Epicurus’s ideas have been incredibly durable. His suggestion that people seek happy lives outside the political sphere would prove highly useful for many subjects of the Alexandrine and Roman Empires, and also in many of the feudal and imperial states that came afterward. John Locke, who was probably the most important philosopher for the founders of the United States, thought quite highly of him. His notions of maximizing pleasure and minimizing pain were taken up by utilitarians centuries later, and might be seen as the foundation of modern economic theory. One could easily argue that most people are, and perhaps always have been, far more Epicurean than anything else: they care far more about the things that make them feel good or bad than any grandiose political affairs, and they only get whipped up into a political frenzy when someone or something threatens their comfort.
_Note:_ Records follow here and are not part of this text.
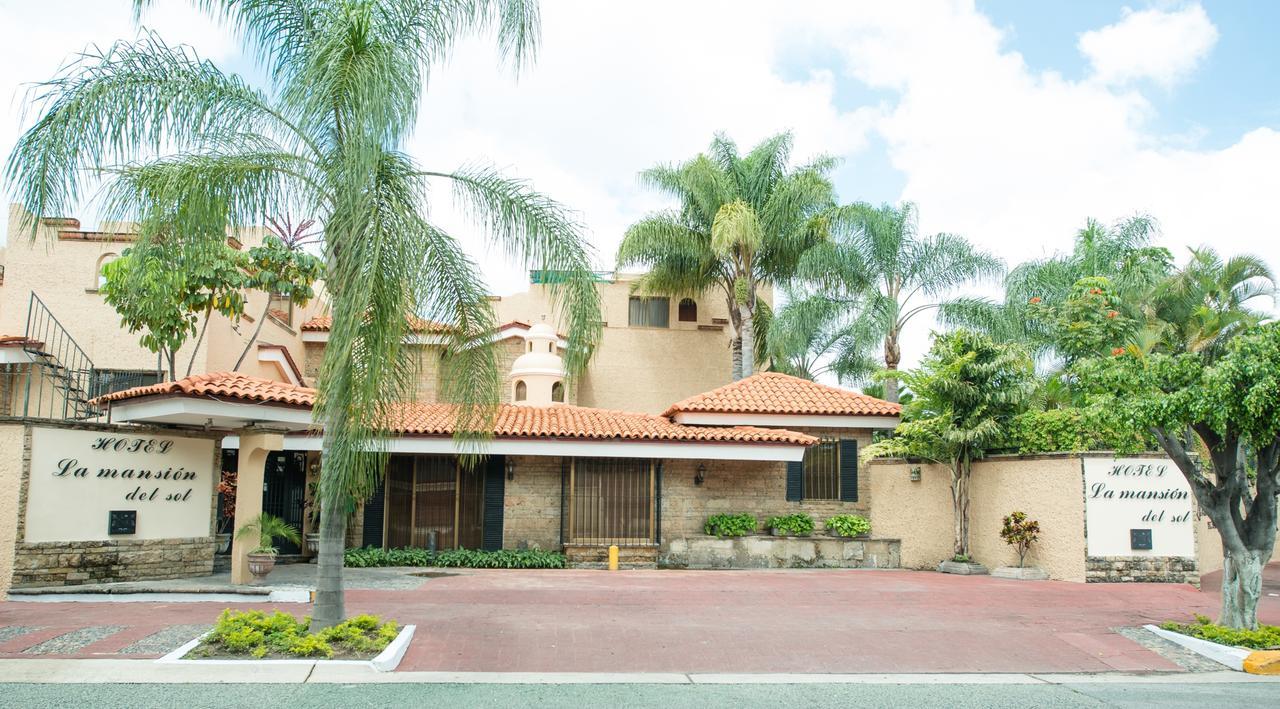 Hotel La Mansion Del Sol Zapopan Buitenkant foto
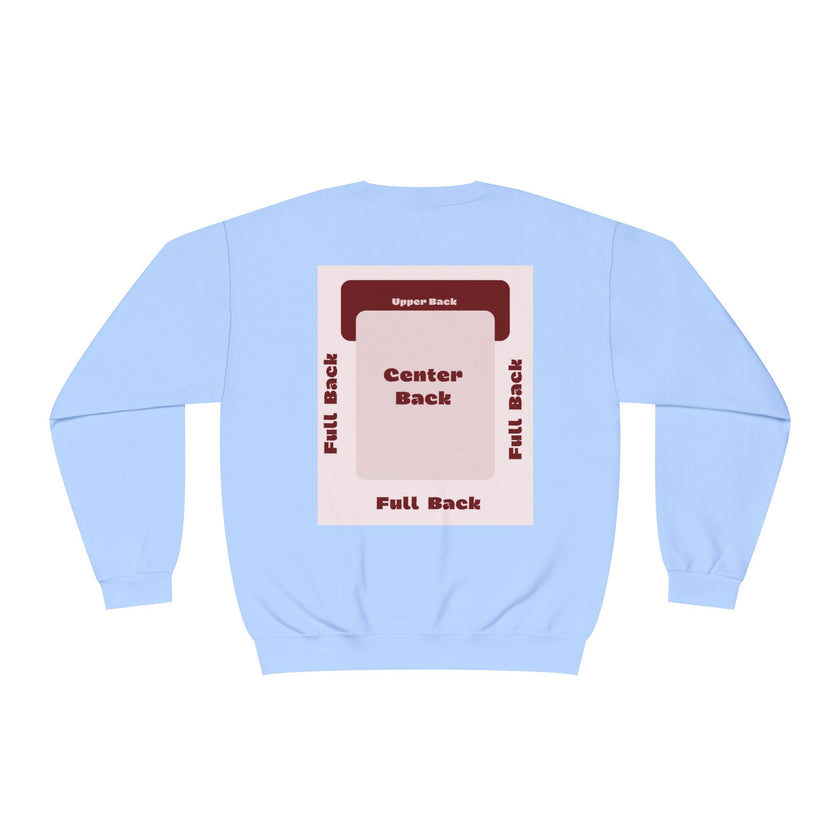Customizable Unisex NuBlend Crewneck Sweatshirt DTG Print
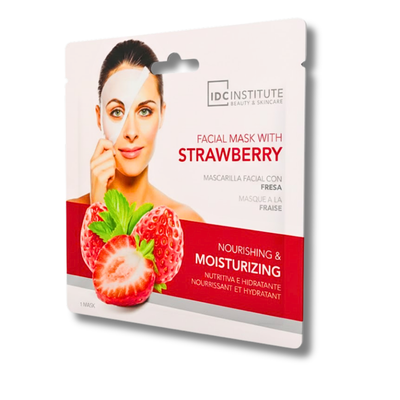 IDC Institute Face Mask Strawberry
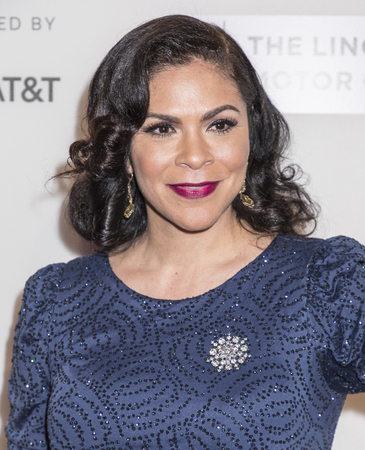 NEW YORK, NY , USA - APRIL 24: Onika Day attends North American Premiere of THE DINNER during the 2017 Tribeca Film Festival at BNCC Tribeca PAC, Manhattanのeditorial素材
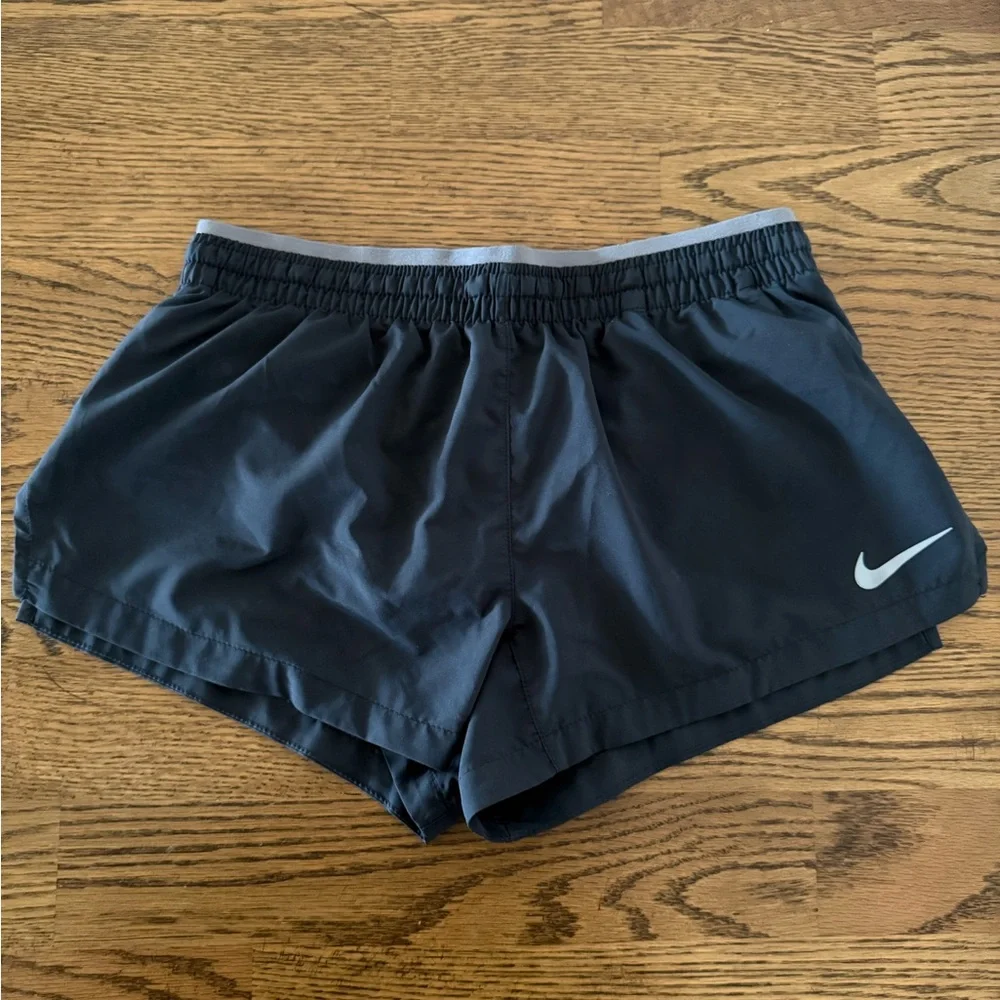 Two Pairs of Nike Women's Athletic Shorts - Picture 4 of 6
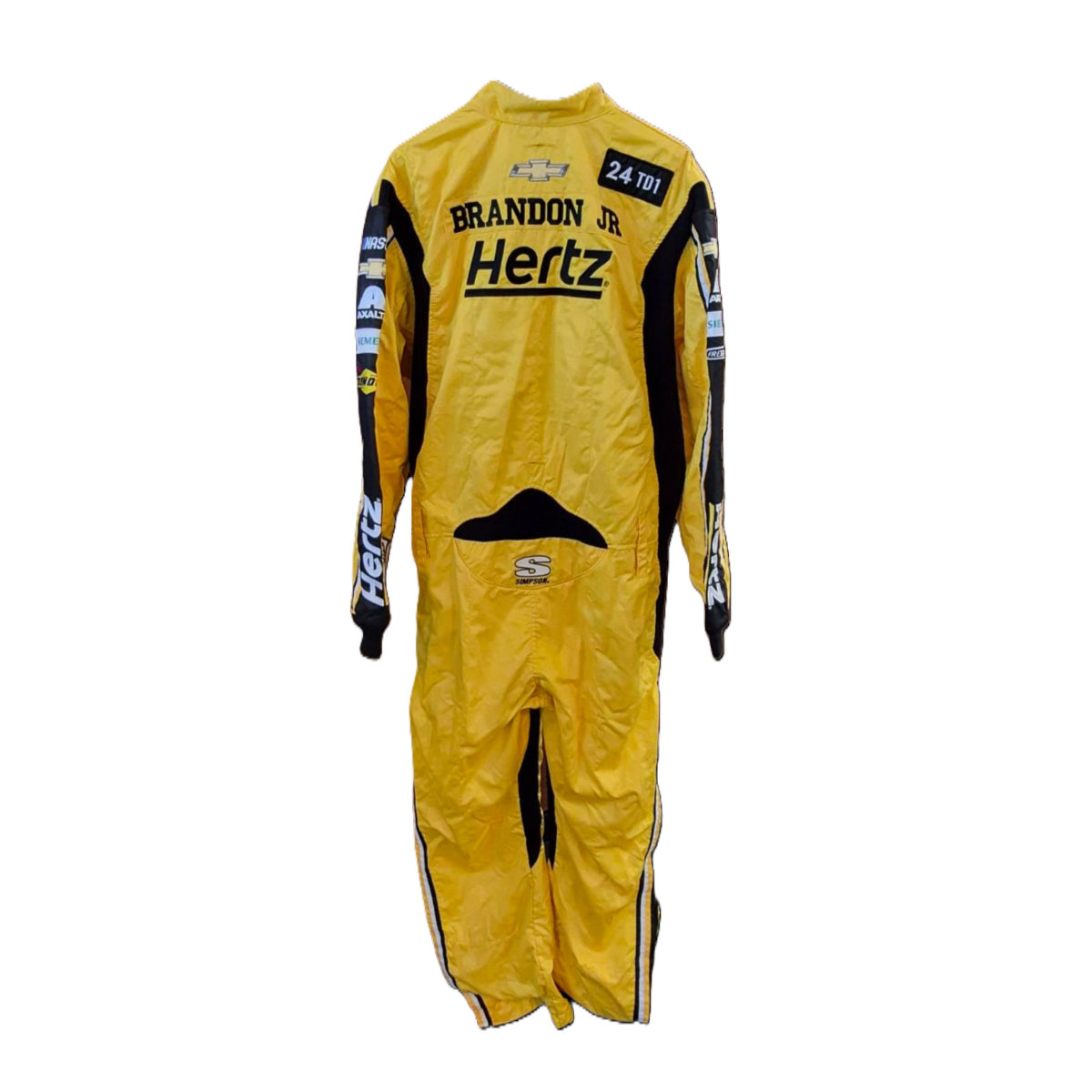 Race Used Hendrick Motorsports #24 Hertz Crew Suit
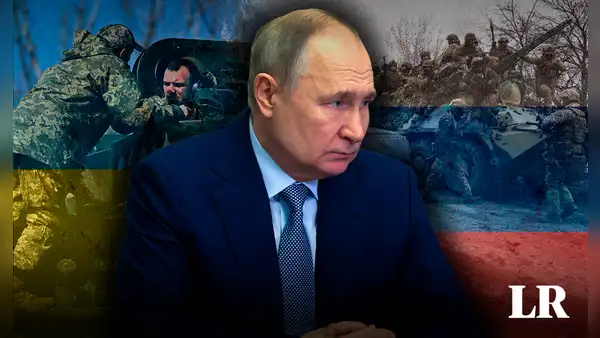 Rusia se declara en "estado de guerra" por primera vez contra Ucrania, según el Kremlin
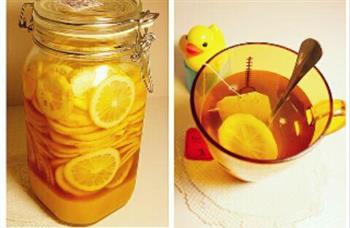腌制柠檬片-自制柠檬水的做法图解5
The obvious problem here is that it can be very hard to know how much pleasure or pain certain actions will cause in the long run. Even more problematic, in my opinion, is Epicureanism’s rather dismissive take on human ambition. There is a danger of it wandering over into Stoicism, which again can be a practical approach in some situations, but tries to suppress those ambitious and aspirational urges and make them go away. It can lend itself to defeatism even more than Aristotle’s acceptance of the world as it is, and when people encounter obstacles, it often tells them to simply desire less. It’s practical advice in many ways, but if it’s too puritan, it won’t work for long. Repressed urges tend to erupt in time, often in ugly ways, and shunting those impulses aside and making them taboo doesn’t quite work. They need healthy outlets. This was Aristotle’s approach: acknowledging those animal drives, and channeling them into something good. He was right to see human interaction as some form of politics, even if many people don’t like that fact.

Epicurus’s value, then, isn’t as a guide toward some utopia where we all forget about politics and live happy little lives. Instead, he grounds us, and reminds us that any ambitions we might have beyond tending our own little gardens have to remember where we all come from. Epicurus was no rebel; he simply had a much better grasp of reality than many of his politically-obsessed contemporaries. This is why Bacevich’s ideas don’t jive with our idea of modern politics: despite claiming to be prudent, they’re not something that we can bring about by electing one or two good leaders.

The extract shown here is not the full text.